The blocks in the chain are contained in the attribute blocks, which is a dictionary that maps block number to Block objects.

>>> b = btc.blocks[659398]
>>> b
<Block number: 659398>

Iterating a block iterates over the transactions in the block.

>>>	len(b)
143
>>> txs = list(chain.blocks[659398])
>>> print(txs[0].summary)
Tx: 001890dc59d2b1be406d64257886c6d6f23a5588263818b7d327cf9a6e73ce5d
Block: 659398
  Inputs:
	<Spend: [<Address: 3Q4bKhz912NLvjJ8UzizFDJbegDkKbGNAF>] value: 0.04798607>
	  \ from: 302097069cfe4d6b07c9809cfb57b354a1a08f9795529c4c4ef487fdb886b145
	<Spend: [<Address: 3Q4bKhz912NLvjJ8UzizFDJbegDkKbGNAF>] value: 0.01954829>
	  \ from: d26fecb98a44ac687442be2d2309337360af5e9033cd2fe15409e17d2d1308a2
  Outputs:
	<Spend: [<Address: 1LVZDUYnaowWiR4TYQeTuTv94vf8MHwKHz>] value: 0.05299481>
	  \ spent: 1df733d17cb4a8a203032a58538738d3571692aae266f8024fb7e3cccd2f2aa1
	<Spend: [<Address: 3Q4bKhz912NLvjJ8UzizFDJbegDkKbGNAF>] value: 0.01419716>
	  \ spent: 17e0c7872d2dc79483190992ef93e3f80c7d48ac055dc4d89351ad4e738df4dd
  • initialize_blocks(): This loads all the block metadata from BigQuery.

  • import_blocktime(start, end): Import block graph data from BigQuery for the specified date range.

  • load_blocktime(start, end): Load and merge imported block graph data into a single in memory graph between start and end time.

  • load_blockspan(start_block, end_block): Load and merge imported block graph data into a single in memory graph between start and end block numbers.

  • summary: A text description of the currently loaded blockspan.

Tx

A Tx wraps a transaction.

  • id: The blocktime id of the transaction.

  • hash: Tx hash

  • block: Block object for Tx

  • input_vector: Vector of inputs spend ids

  • inputs: Generator of input Spend objects.

  • output_vector: Vector of outputs spend ids.

  • outputs: Generator of output Spend objects.

  • summary: A text description of the transactions.

Spend

A spend wraps a transaction output. Since outputs are used as inputs to subsequent transactions, the same object is also used for inputs.

  • coinbase: Is this a coinbase input?

  • tx: Transaction with this spend as output.

  • spent_tx: Transaction with this spend as input or None if unspent.

  • addresses: Addresses assocaited with this spend.

Address

An Address wraps a bitcoin public key address.

  • sent_vector: Vector of spend ids sent by this address into a transaction.

  • received_vector: Vector of spend ids received by this address from a transaction.

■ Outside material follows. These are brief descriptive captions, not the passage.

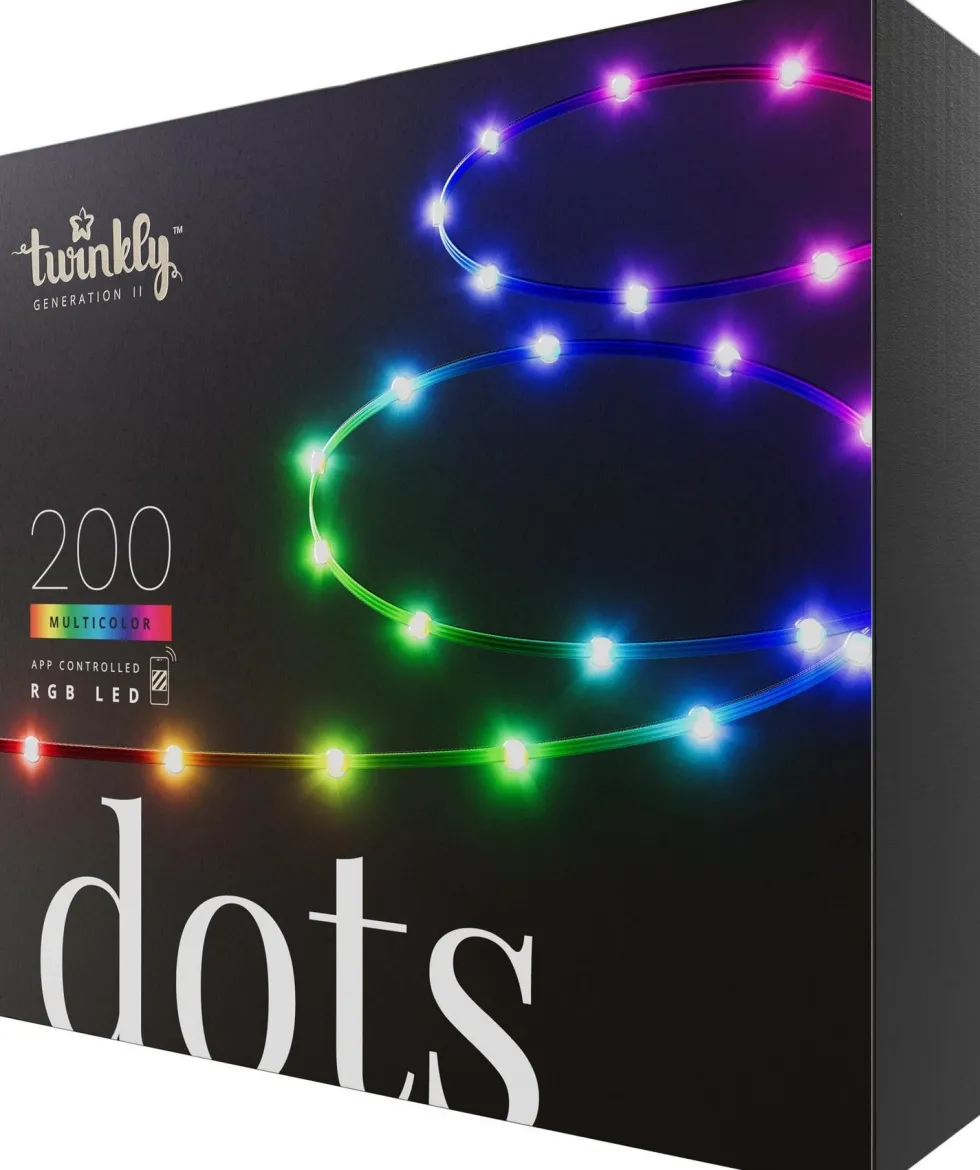 Twinkly miniverlichting Dots appgestuurd transparant met 200 lampjes gekleurd 10 m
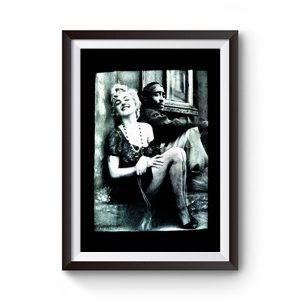 Tupac And Marilyn Monroe Couple Premium Matte Poster
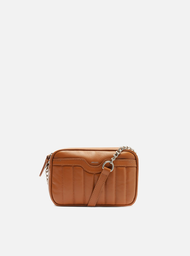 Bolsa Tiracolo Marrom Arezzo Couro Francine Pequena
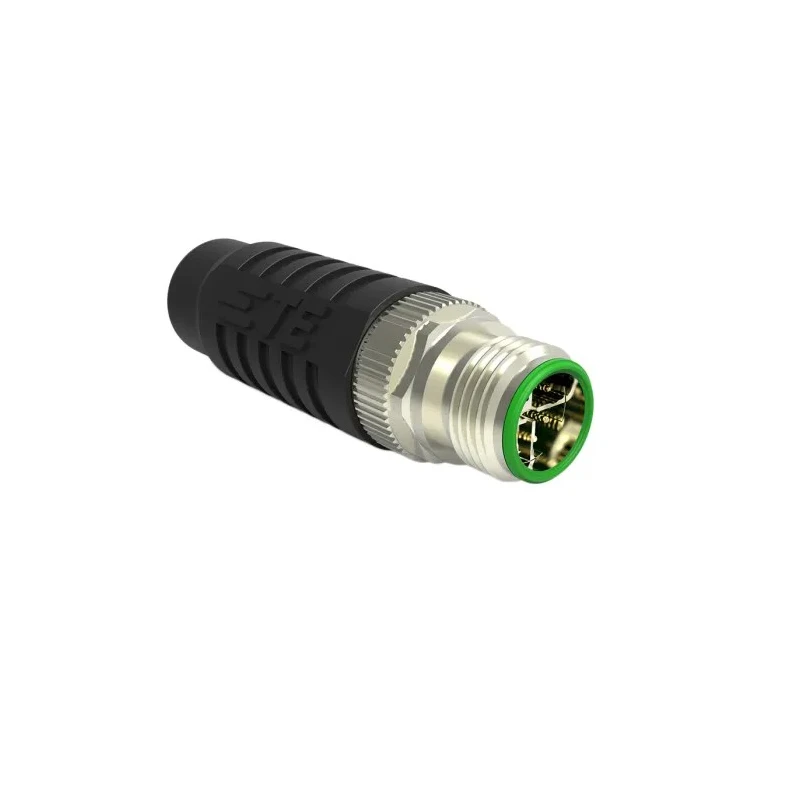 TE Connectivity Circular Connector, 8 Contacts, Cable Mount, M12 Size, Plug Male, IP67 Rated, X-code Series 1-2315714-2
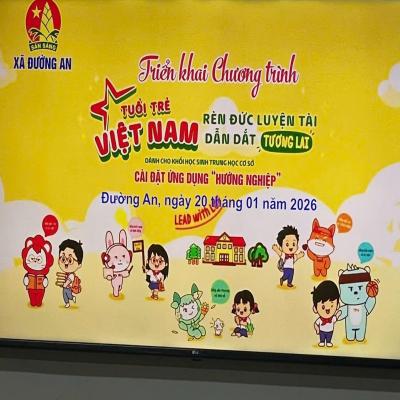 ĐƯỜNG AN: TỔ CHỨC CHƯƠNG TRÌNH TƯ VẤN HƯỚNG NGHIỆP VÀ TRẢI NGHIỆM NGHỀ NGHIỆP CHO ĐỘI VIÊN LỚN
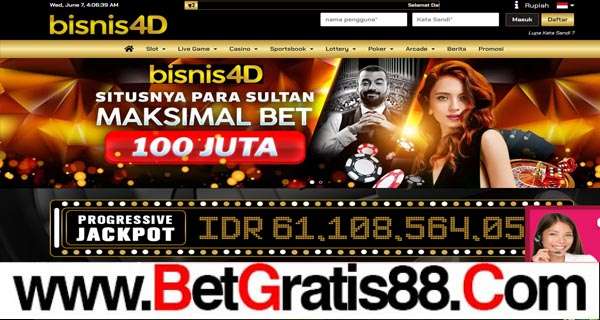 BISNIS4D BONUS NEW MEMBER SLOT 100%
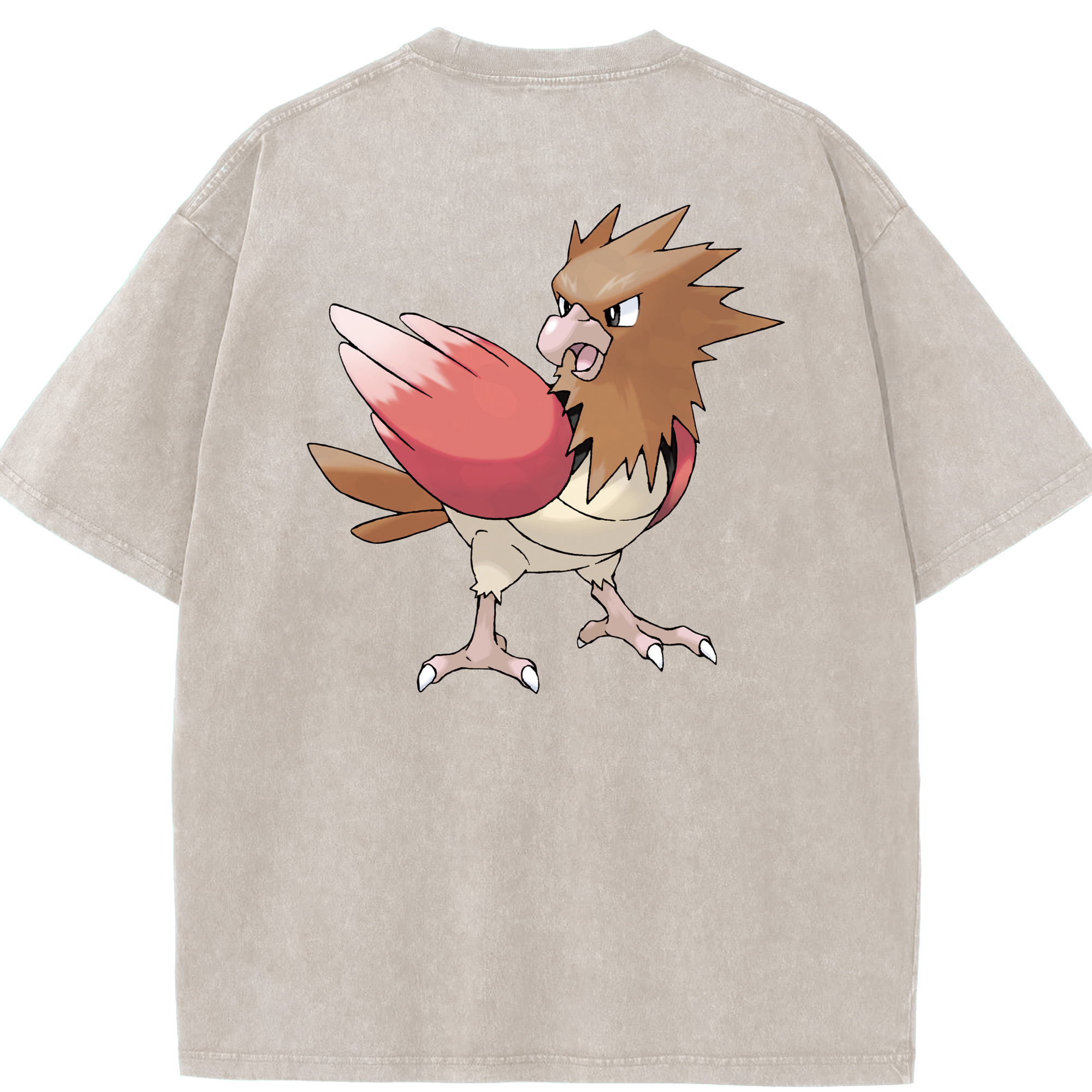 （画像用） ポケットモンスター Pokémon 綿100% ヴィンテージ風 半袖Tシャツ（背面プリント）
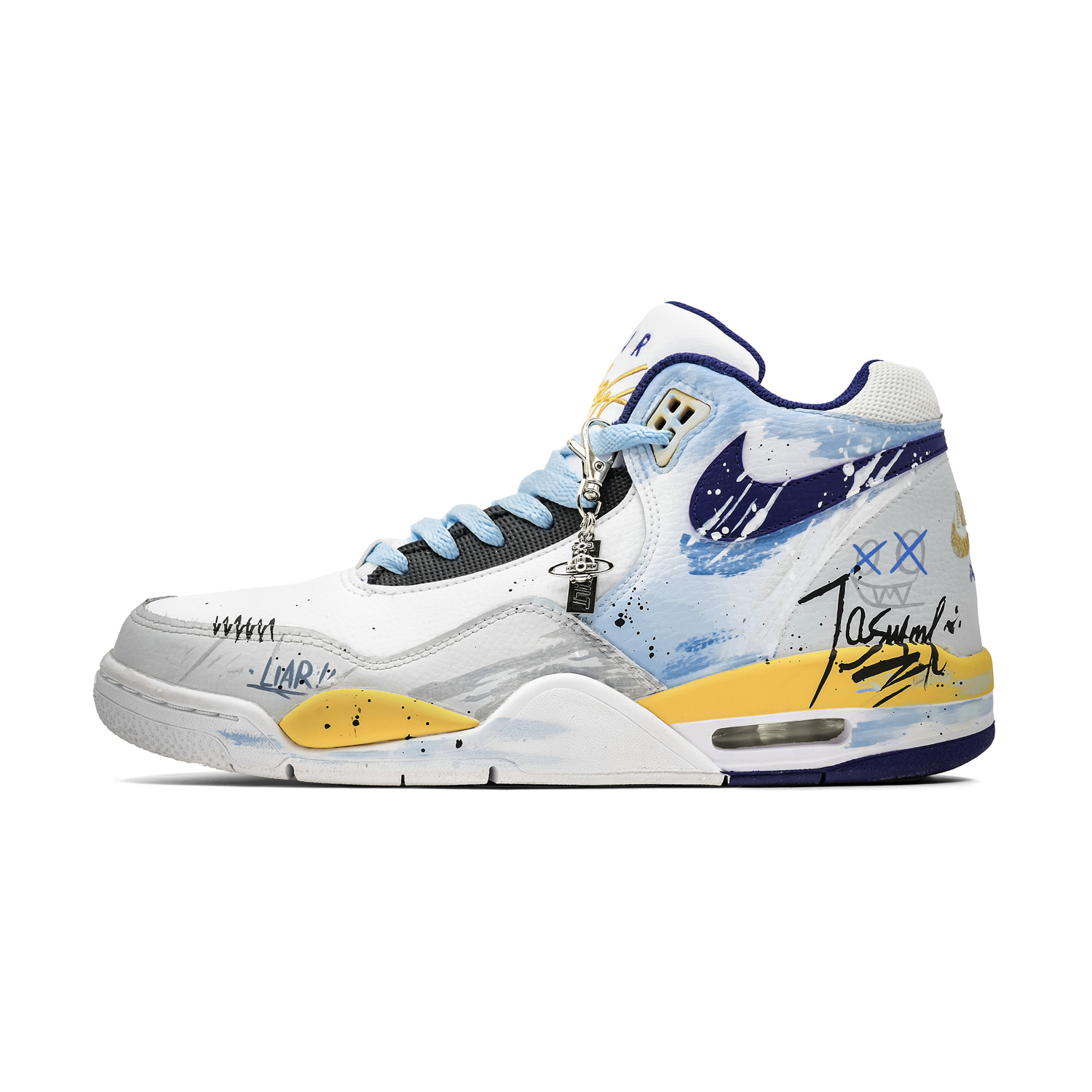 Легендарные баскетбольные кроссовки Flight Legacy Vintage мужские высокие Gray/White Nike, синий
Легендарные баскетбольные кроссовки Flight Legacy Vintage мужские высокие Gray/White Nike, синий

  • sent: Generator of Input Spends sent by this address into a transaction.

  • received: Generator of Output Spends received by this address from a transaction.

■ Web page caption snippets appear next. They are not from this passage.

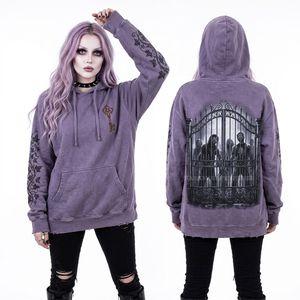 Sudadera con capucha azul verdoso personalizada para mujer, de forro polar grueso, con gráfico de buceador zombi náutico de aguas profundas, acabado desgastado, estilo urbano - Product Image 2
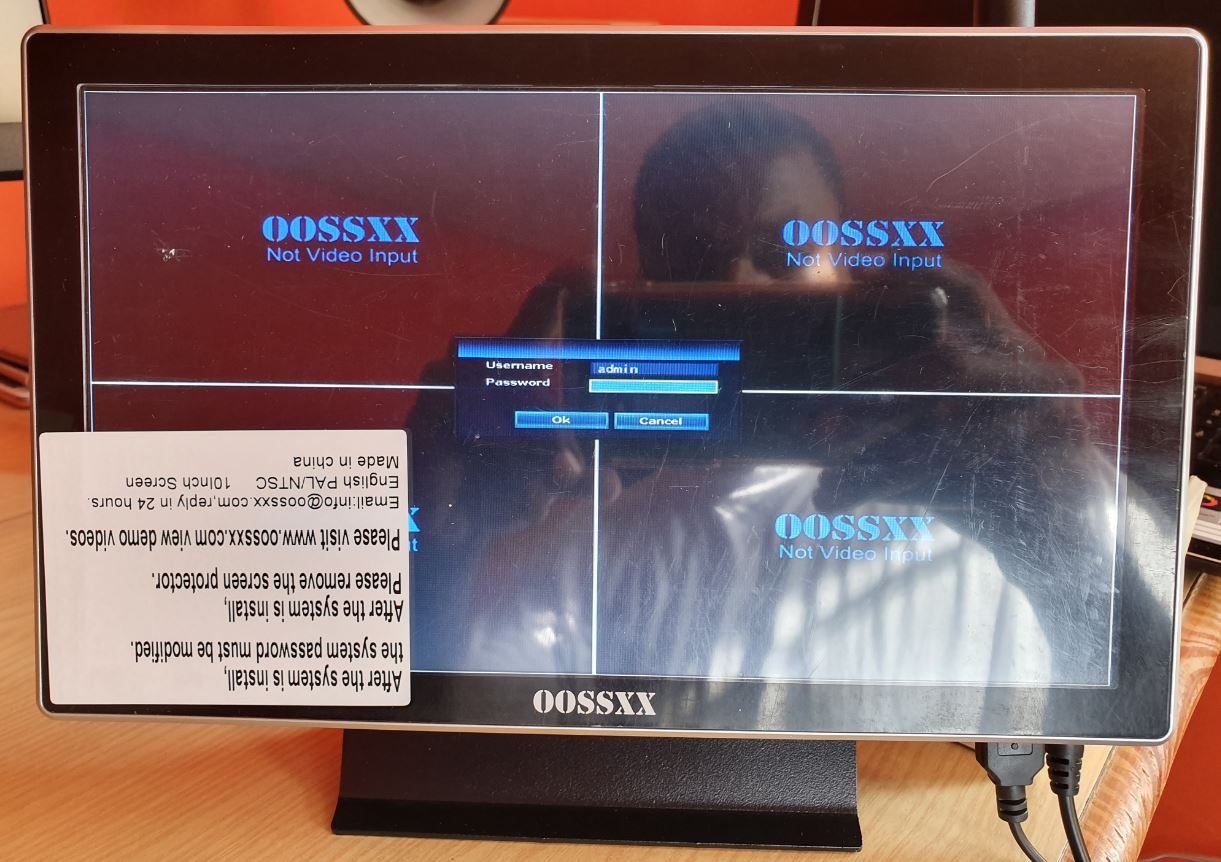 oossxx security camera setup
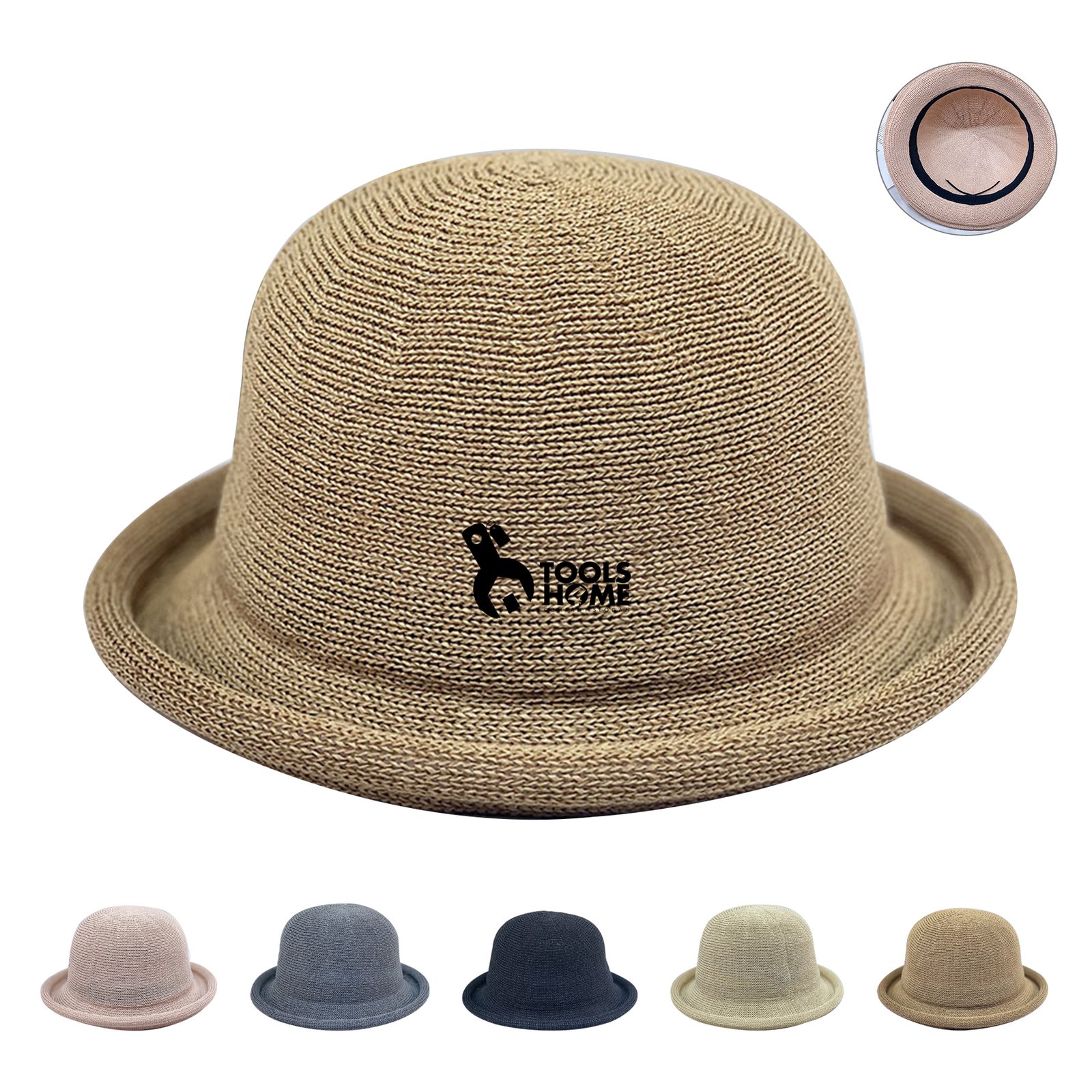 Crimping Straw Sun Hat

  • sender_tx_vector: Vector of transaction ids where this address is sender.

  • receiver_tx_vector: Vector of transaction ids where this address is receiver.

  • sender_txs: Generator of Tx objects where this address is sender.

  • receiver_txs: Generator of Tx objects where this address is receiver.

Methods:

  • bfs_level(depth=GxB_INDEX_MAX): Do BFS search assigning hop distance from this address to adjacent address up to depth.

  • bfs_parent(depth=GxB_INDEX_MAX): Do BFS search assigning parent id to each vertext up to depth.

  • bfs_level(depth=GxB_INDEX_MAX): Do BFS search assigning value exposure to to each vertext up to depth.